▸ TASK OBJECTIVE:
Transcribe every entry word for word, but skip the images.

▸ RECORDS TO PROCESS:
********
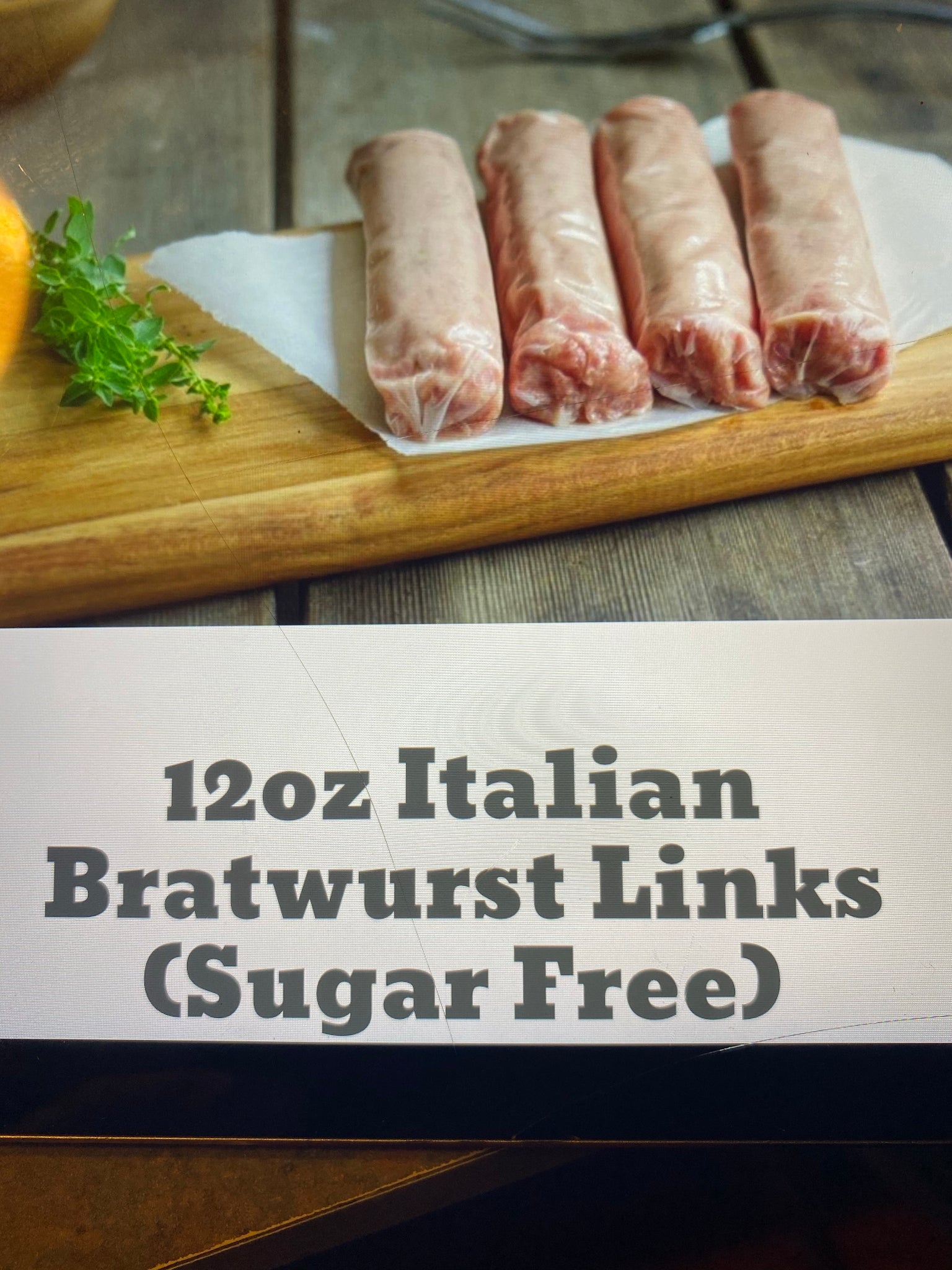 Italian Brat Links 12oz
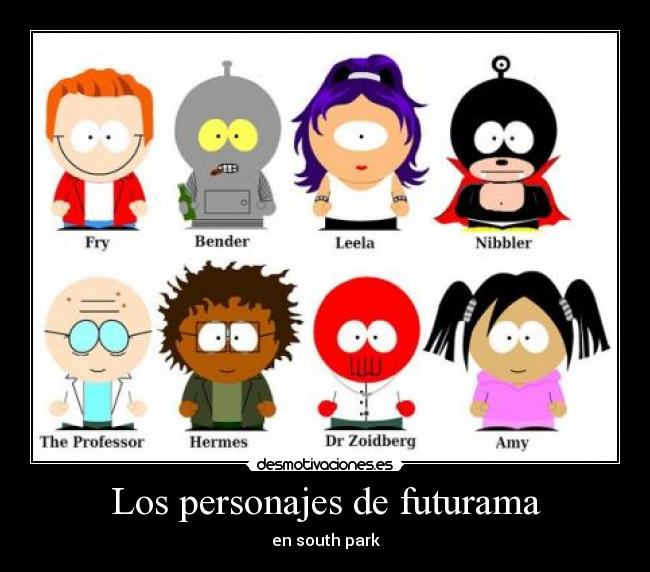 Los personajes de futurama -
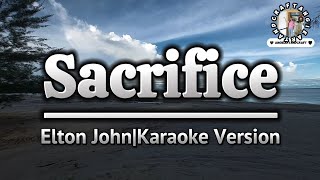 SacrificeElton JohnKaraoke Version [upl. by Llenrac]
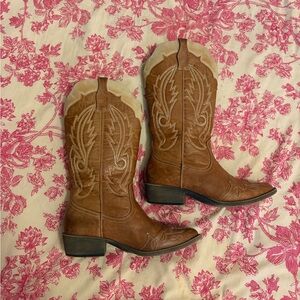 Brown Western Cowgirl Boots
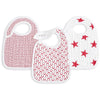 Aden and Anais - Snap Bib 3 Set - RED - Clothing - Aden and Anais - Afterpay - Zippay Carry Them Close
********
▸ ANSWER:
 Italian Brat Links 12oz
 Los personajes de futurama -
 SacrificeElton JohnKaraoke Version [upl. by Llenrac]
 Brown Western Cowgirl Boots
 Aden and Anais - Snap Bib 3 Set - RED - Clothing - Aden and Anais - Afterpay - Zippay Carry Them Close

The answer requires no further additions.